Subvirtiendo las imposiciones de la industria del videojuego

Vamos entonces con las trampas de este texto que habla sobre el juego y que se inició tomando prestado el título de la paradójica obra que John Baldessari realizó en 1971, la copia caligráfica repetitiva, tediosa como la letanía de un castigo escolar, de la frase “nunca más haré arte aburrido”. Comencemos con Fluxus, el ghetto más elitista de la historia del arte, cuyos credos rezaban “participación” mientras sus actos excluían expresamente a cualquiera que no perteneciese al grupo: los performers actuaban siempre ante el público, nunca con él.
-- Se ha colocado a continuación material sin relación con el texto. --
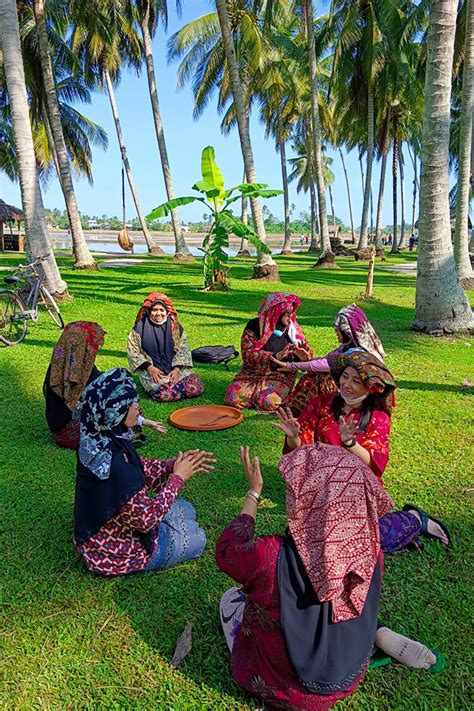 18 Tarikan Kampung Agong Penang 2025 Melancongmy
Sigamos entonces con las obras de game art, ese tipo de trabajos artísticos que tan sólo suelen verse en los círculos cerrados de la alta cultura. Detengámonos en algunas obras que se llaman juegos, pero cuya deficiente o inexistente "jugabilidad" lo pone en duda (no todo lo que reacciona cuando se toca se convierte automáticamente en un juego). Y acabemos (por acabar con algo que me duele especialmente) con los videojuegos políticos del contexto del arte que a duras penas cambiarán la opinión de alguien porque serán jugados, sobre todo, por personas ya sensibles a sus argumentos y previamente concienciadas.
De nuevo, no se trata de mentiras, sólo son las pequeñas paradojas o contradicciones implícitas en cualquier sistema, en cualquier ideario; sólo son algunos de los ángulos ciegos de uno de los mayores sistemas endogámicos del mundo, el contexto del arte.
Esta forma de darle la vuelta a cualquier situación, esta capacidad de sobrepasar la línea hacia uno y otro lado -de transgredir, ignorar o inventarse las reglas, de trampear- demuestra que la naturaleza flexible e irreverente del juego es capaz de transformar cualquier disciplina o territorio, trascendiendo y subvirtiendo sus significados originales para dotarles de un nuevo poder: la capacidad de plantear las preguntas de siempre desde un ángulo completamente distinto. Y nunca más escribiré un texto aburrido.
Texto curatorial del catálogo Homo Ludens Ludens, exhibición en La LABoral Centro de Arte y Creación Industrial de Gijón (España), abril a septiembre de 2008.